TASK DIRECTIONS. Beginning with the first line of the data below, reproduce every line unchanged, ending with the line that holds "SOLITAIRE LINEAR CHANDELIER".

[Data excerpts]
==========
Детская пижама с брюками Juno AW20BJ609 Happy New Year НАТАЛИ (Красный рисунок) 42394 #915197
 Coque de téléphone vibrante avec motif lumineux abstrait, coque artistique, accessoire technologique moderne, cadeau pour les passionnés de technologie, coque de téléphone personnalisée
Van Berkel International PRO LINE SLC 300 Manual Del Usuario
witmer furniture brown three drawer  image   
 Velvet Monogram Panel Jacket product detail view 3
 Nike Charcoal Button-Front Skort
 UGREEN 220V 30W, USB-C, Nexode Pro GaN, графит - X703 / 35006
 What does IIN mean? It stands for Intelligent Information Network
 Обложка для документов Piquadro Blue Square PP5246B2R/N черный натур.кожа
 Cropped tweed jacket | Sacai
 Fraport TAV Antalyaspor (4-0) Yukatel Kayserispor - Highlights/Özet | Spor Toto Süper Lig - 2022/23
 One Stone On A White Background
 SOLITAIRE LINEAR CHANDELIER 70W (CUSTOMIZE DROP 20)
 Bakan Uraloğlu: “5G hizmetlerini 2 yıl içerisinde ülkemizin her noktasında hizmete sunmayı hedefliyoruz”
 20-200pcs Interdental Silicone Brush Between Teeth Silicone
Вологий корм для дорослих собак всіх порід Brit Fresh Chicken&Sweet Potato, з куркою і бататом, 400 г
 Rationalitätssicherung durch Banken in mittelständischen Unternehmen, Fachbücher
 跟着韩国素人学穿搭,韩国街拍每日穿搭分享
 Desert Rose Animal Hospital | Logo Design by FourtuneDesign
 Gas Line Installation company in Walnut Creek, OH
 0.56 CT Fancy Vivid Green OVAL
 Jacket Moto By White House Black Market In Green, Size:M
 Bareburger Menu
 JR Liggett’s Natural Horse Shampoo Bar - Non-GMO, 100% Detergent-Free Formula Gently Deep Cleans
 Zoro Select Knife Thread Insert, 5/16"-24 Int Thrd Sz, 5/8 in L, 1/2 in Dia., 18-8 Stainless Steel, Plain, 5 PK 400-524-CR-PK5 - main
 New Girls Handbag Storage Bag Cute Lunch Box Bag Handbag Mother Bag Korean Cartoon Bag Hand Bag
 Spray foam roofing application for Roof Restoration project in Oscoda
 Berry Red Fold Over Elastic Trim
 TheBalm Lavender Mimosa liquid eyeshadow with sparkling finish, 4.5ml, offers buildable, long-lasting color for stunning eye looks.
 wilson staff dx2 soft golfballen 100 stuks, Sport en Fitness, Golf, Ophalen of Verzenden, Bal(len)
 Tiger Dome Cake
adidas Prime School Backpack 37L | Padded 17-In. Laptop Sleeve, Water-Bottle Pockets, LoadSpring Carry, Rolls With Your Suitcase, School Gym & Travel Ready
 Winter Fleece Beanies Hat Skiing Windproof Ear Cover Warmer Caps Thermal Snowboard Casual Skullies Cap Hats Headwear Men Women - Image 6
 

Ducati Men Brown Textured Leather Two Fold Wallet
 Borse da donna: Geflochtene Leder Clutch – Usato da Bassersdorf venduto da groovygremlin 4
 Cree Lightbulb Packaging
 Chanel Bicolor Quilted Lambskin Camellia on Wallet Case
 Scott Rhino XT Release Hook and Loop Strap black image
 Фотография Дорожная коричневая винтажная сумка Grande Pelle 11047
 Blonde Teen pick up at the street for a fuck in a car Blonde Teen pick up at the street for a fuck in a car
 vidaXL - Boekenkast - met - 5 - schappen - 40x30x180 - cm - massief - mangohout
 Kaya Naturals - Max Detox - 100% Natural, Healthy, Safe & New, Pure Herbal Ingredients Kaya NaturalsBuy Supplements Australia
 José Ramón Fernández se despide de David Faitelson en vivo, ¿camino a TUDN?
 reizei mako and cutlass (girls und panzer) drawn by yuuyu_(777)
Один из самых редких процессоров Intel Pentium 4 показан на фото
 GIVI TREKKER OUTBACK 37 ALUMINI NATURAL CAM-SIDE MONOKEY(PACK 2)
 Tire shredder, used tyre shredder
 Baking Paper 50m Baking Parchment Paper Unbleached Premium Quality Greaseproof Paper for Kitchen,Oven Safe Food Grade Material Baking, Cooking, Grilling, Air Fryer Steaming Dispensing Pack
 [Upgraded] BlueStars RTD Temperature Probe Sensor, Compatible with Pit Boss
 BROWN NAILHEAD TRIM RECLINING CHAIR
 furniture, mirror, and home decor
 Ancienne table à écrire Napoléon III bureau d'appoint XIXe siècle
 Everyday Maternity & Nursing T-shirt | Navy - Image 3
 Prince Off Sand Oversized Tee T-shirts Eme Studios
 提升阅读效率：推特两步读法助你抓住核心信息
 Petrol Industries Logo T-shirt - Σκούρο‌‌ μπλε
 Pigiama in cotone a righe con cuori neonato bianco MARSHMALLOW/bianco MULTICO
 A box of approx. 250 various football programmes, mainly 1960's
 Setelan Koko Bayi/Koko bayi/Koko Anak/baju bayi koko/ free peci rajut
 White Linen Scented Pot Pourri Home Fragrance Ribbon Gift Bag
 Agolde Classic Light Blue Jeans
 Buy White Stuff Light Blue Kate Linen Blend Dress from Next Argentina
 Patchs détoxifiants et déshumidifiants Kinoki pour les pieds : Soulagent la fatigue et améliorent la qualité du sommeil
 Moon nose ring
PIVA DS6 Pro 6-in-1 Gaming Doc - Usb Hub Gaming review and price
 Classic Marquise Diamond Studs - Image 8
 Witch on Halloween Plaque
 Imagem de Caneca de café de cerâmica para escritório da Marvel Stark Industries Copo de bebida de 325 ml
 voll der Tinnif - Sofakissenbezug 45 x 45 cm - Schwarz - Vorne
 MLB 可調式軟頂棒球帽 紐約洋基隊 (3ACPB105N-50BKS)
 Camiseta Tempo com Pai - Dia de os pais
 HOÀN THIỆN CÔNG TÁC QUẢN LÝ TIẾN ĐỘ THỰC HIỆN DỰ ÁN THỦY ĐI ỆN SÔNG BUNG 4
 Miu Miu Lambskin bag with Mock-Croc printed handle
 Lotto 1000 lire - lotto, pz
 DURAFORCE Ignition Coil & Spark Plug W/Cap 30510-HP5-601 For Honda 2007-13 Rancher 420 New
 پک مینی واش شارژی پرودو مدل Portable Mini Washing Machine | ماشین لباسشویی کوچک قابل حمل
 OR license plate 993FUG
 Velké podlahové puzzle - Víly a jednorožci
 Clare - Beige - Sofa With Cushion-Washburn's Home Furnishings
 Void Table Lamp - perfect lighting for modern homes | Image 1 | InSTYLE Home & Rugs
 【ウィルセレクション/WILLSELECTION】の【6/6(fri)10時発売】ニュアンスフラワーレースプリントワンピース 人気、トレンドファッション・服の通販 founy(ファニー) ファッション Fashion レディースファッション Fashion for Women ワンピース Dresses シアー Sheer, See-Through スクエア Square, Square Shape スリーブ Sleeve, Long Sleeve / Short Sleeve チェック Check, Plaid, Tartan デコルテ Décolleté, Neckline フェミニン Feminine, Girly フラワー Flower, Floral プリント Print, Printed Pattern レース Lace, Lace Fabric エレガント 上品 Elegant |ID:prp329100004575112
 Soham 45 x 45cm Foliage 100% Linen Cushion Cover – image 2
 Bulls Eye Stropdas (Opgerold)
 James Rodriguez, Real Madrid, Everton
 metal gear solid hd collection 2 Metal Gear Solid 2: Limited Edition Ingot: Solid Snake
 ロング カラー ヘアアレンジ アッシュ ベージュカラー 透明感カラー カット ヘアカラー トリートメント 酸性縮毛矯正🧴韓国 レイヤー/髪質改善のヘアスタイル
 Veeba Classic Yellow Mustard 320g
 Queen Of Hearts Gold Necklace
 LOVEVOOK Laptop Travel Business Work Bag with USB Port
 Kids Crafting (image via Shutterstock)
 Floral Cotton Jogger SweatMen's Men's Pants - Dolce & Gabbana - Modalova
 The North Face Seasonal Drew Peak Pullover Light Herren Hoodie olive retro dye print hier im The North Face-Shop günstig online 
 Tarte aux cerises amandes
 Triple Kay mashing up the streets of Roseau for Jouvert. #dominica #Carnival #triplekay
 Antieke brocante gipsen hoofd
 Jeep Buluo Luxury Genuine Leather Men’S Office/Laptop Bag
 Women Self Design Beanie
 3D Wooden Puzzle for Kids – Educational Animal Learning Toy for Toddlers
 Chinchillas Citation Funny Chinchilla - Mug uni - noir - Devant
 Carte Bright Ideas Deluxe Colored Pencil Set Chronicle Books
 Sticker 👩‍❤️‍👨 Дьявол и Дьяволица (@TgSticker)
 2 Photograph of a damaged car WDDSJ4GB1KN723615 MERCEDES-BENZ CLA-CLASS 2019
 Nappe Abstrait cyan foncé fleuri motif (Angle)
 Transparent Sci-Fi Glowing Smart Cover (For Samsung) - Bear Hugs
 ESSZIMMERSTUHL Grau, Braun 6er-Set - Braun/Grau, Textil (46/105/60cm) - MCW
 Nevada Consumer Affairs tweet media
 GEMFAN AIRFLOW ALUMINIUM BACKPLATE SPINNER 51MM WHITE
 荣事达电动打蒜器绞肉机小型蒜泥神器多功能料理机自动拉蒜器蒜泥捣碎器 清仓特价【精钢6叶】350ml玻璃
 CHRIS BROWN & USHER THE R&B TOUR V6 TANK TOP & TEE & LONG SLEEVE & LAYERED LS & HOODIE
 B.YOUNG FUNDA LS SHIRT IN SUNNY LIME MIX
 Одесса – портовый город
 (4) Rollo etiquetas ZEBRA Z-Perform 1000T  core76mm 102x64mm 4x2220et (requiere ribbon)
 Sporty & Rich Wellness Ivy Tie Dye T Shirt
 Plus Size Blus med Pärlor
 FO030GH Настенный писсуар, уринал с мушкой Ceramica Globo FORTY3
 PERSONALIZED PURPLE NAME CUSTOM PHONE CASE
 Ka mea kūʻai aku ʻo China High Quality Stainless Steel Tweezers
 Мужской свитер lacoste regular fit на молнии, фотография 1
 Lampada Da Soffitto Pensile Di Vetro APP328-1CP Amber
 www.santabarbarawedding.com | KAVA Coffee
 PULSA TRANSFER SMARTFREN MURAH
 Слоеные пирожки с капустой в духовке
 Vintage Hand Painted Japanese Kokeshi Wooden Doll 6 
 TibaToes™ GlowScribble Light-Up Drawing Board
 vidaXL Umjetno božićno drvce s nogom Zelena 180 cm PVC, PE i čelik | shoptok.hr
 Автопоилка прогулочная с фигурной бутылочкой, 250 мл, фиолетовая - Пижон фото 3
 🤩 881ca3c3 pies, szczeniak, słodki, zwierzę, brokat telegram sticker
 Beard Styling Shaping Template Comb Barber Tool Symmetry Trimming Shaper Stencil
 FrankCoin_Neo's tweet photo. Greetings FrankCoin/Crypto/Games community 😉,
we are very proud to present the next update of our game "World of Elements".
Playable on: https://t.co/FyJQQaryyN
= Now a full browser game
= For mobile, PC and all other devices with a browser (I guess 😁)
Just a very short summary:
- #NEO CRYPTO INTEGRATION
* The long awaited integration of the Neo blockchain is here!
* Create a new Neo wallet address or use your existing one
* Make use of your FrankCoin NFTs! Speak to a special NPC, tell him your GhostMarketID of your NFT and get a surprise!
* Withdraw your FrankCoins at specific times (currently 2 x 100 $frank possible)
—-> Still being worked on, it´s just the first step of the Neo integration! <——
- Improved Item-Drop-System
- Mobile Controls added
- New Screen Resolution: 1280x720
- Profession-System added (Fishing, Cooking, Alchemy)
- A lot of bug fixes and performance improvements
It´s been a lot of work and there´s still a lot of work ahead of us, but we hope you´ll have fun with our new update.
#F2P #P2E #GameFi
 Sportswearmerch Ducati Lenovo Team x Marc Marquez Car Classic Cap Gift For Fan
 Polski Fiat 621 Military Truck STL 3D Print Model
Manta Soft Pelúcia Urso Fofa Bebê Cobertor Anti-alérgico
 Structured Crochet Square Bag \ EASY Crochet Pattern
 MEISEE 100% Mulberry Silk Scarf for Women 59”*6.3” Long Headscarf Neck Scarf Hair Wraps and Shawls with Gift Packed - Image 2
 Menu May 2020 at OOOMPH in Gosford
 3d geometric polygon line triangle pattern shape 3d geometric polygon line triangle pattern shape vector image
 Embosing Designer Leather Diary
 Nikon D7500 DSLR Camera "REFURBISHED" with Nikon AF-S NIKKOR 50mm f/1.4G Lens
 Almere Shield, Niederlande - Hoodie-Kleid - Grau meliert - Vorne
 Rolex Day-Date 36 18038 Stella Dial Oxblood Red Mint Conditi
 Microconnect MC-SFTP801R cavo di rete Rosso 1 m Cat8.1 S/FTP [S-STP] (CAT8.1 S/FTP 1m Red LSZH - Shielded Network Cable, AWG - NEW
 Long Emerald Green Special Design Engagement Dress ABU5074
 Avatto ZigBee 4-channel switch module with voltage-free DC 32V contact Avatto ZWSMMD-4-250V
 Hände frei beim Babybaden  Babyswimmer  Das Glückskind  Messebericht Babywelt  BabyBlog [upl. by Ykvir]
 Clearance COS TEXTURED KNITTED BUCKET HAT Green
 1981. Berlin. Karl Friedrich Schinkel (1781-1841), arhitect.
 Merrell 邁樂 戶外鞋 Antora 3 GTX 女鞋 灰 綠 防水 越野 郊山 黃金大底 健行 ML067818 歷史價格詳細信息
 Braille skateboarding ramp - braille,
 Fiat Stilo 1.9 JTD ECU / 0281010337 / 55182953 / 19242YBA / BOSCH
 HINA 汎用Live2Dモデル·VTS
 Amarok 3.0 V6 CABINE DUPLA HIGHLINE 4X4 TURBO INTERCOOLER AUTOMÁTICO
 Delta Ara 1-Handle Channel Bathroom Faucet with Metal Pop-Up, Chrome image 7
==========
RESULT.
Детская пижама с брюками Juno AW20BJ609 Happy New Year НАТАЛИ (Красный рисунок) 42394 #915197
 Coque de téléphone vibrante avec motif lumineux abstrait, coque artistique, accessoire technologique moderne, cadeau pour les passionnés de technologie, coque de téléphone personnalisée
Van Berkel International PRO LINE SLC 300 Manual Del Usuario
witmer furniture brown three drawer  image   
 Velvet Monogram Panel Jacket product detail view 3
 Nike Charcoal Button-Front Skort
 UGREEN 220V 30W, USB-C, Nexode Pro GaN, графит - X703 / 35006
 What does IIN mean? It stands for Intelligent Information Network
 Обложка для документов Piquadro Blue Square PP5246B2R/N черный натур.кожа
 Cropped tweed jacket | Sacai
 Fraport TAV Antalyaspor (4-0) Yukatel Kayserispor - Highlights/Özet | Spor Toto Süper Lig - 2022/23
 One Stone On A White Background
 SOLITAIRE LINEAR CHANDELIER 70W (CUSTOMIZE DROP 20)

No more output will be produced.